How does a filing cabinet do this work? According to patents, the early manufacturers drew on techniques and practices from cabinetry and metalwork in new and useful ways. In a typical patent, a filing cabinet is a collection of steel plates, rollers, slides, walls, ball bearings, rods, flanges, corner posts, channels, grooves, locks, tops, bottoms, sides, arms, legs, and tongues. All these parts were variously combined to create a cabinet that would allow a drawer to open and close even when it was full of paper that might weigh upwards of 75 pounds. The thousands of sheets of paper that manufacturers claimed could fit in a file drawer were organized using guide cards and manila folders, both accented with tabs. Not only did these features help paper stand vertically on edge; more important, they also made visible the organization of the papers. Early user manuals quickly identified the key principle of vertical filing: “the filing of papers on edge, behind guides, bringing together all papers, to, from, or about one correspondent or subject.”  Papers stored this way were easy to locate and to access and, as such, essential to the functioning of a modern, healthy office. As the authors of a secretarial textbook from the mid 1920s put it: “The flat file permits the use of but one hand, while with the vertical file both hands are used, thus increasing speed. That is, papers filed vertically are accessible, compact, and sanitary.” 

Link to the rest at Places


Actual file cabinet from the Watergate Hotel, National Museum of American History, via Wikimedia. Author, Kenneth Lu. This file is licensed under the Creative Commons Attribution 2.0 Generic license.
The World’s Tallest Filing Cabinet, Vermont, via Wikimedia.
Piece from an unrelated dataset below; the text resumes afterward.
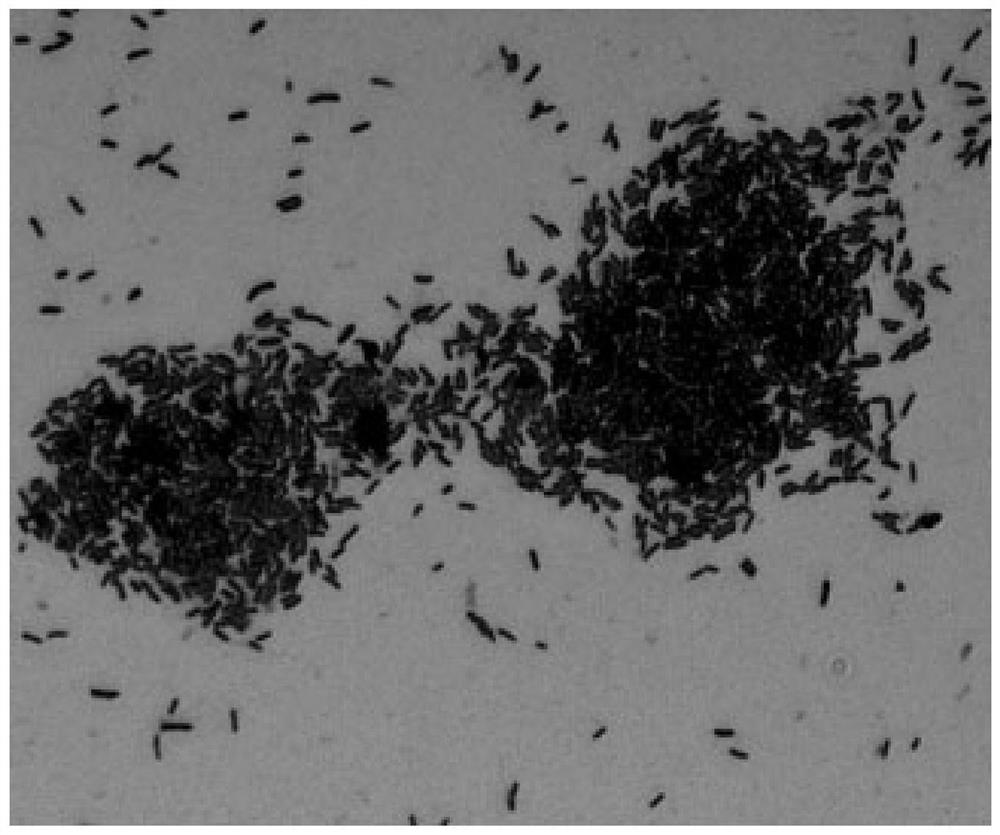 A kind of Pseudomonas monsonii and its application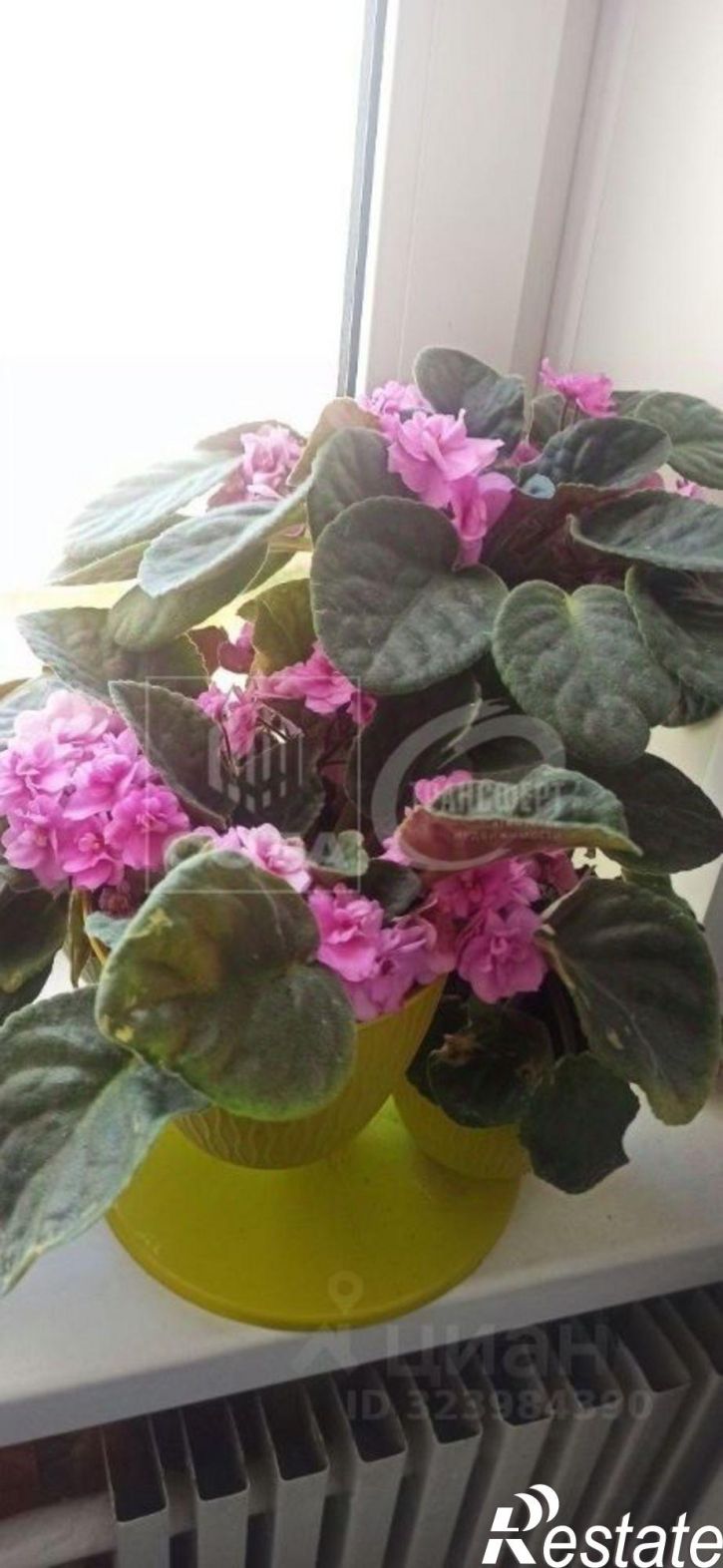 2-комн квартира улица Космонавта Комарова, 16,  д. 16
Permission is granted to copy, distribute and/or modify this document under the terms of the GNU Free Documentation License, Version 1.2 or any later version

7 thoughts on “The Filing Cabinet”

      • I personally use the “piles-on-the-floor” technique. Not as elegant a solution as “loose pages on end,” but it works for me. As a bonus, I have piles on the floor in front of and blocking the four-tier file cabinets. Crack that, hackers!

        • A fellow traveller!
          BTW, the oficial term is Archeological Filing System.

          I organize my desktop in three trays: IN, IN, HOLD.
          (Nothing ever leaves.)

          One time on the day job the AA and the graphics specialist took it upon themselves to order up my desktop. I was unable to find anything in a timely fashion for months until the proper chaos reasserted itself. They learned tbat though there might be madness to my method, there was method to my madness.
          (True story.)

          • “BTW, the official term is Archeological Filing System.”

            As it turns out, I’m currently writing about Neanderthals, and they used the same system! So that gene allele survived to the present day and ended up in YOU (and me).

        • I believe I may have mentioned this before, but a lawyer I knew a long time ago was renowned for his desk, the top of which was nothing but a collection of various stacks of paper – letters, legal documents, etc., etc., etc. Big stacks.

          He was also renowned for his ability to immediately pull a document he needed from its precise location in one of his stacks. This feat inevitably impressed clients and attorneys visiting to discuss a case.

          Like a great many country lawyers who enjoy their work, he died in harness. His perfect stacks-of-paper filing system suffered a post-mortem fall from grace, however, when his partners and a couple of secretaries undertook to remove the stacks and place the papers into file folders.

          During this process, they discovered many thousands of dollars in the form of checks which had been written to the firm as and for retainer fees, services rendered, etc., which the decedent lawyer had forgotten about and never deposited. Many of the checks were so old that the surviving partners didn’t even attempt to deposit them.